Oct 1st, 2013


Here at Phandroid, we never put much emphasis on benchmarks. While sometimes a fun way to measure general device performance, they don’t really give us an accurate measure of real world speed from a device. More than often benchmarks are simply a tool for fanboys to tout their device superiority over another — and we think that’s super lame, bros.

It wasn’t too long ago it was discovered that Samsung was inflating benchmarks scores for the Samsung Galaxy S4. Using a special benchmark boosting app found inside their custom software, Samsung was able to make the S4 fire on all cylinders. This caused the GPU to hit a frequency outside of what was available to the end user when using the device for normal things (like playing a video game). While not completely deceptive, it was a little misleading and we had little reason to believe this would change in the Samsung Galaxy Note 3. Looks like we were right.

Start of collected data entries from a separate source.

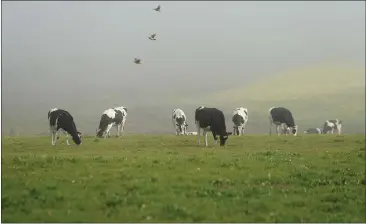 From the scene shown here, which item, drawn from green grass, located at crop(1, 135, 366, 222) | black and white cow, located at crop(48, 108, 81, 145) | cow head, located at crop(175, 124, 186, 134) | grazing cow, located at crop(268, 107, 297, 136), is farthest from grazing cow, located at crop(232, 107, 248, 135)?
green grass, located at crop(1, 135, 366, 222)

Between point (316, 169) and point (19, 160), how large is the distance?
1489cm

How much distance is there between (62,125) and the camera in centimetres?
3644

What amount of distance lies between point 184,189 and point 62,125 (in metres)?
20.9

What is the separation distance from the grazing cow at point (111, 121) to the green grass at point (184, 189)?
2162cm

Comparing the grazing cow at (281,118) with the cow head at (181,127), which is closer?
the grazing cow at (281,118)

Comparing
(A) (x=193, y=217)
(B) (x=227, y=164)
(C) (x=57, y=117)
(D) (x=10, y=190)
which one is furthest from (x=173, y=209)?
(C) (x=57, y=117)

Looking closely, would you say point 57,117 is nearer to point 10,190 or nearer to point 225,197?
point 10,190

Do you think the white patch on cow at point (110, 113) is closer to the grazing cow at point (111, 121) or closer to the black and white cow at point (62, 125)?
the grazing cow at point (111, 121)

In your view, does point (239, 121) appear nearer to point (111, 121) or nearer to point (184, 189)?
point (111, 121)

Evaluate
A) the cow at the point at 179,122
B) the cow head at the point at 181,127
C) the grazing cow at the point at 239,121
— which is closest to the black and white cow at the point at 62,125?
the cow at the point at 179,122

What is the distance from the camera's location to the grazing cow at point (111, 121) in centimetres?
4647

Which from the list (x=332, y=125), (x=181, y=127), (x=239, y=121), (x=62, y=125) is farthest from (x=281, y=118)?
(x=332, y=125)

When comparing scores on the LG G2 and Samsung Galaxy Note 3 — 2 devices using the same Snapdragon 800 SoC — ArsTechnica discovered the Note scoring abnormally high for a phone with the same processor. Lo and behold, Samsung was up to their same old tricks. After diving a little deeper, some line of code was discovered as the culprit and causing the Note 3 to operate in “high-power CPU mode” only when a benchmarking app is opened.

Note 3 vs G2 benchmarks

To get around this and measure performance that is actually offered to the average Note 3 users, Ars renamed Geekbench so that it would fly under the radar of Samsung’s benchmark boosting software. It’s ironic that even without the benchmark boosting, the Note 3 still outperformed the LG G2, (again, both devices equipped with the same SoC), so it appears there was little reason for Samsung to do this unless they’re prepping for the unforeseen Android competition in the future.

Where as Samsung’s official stance on the S4’s benchmark boosting app is that it was also available on a variety of Samsung-made system apps, it appears the Note 3’s is reserved exclusively for benchmarks. No gallery, no video player, no browser. Whether or not Samsung is being shady in providing users with the highest possible performance of their hardware — despite not being available in normal use —  is up to you.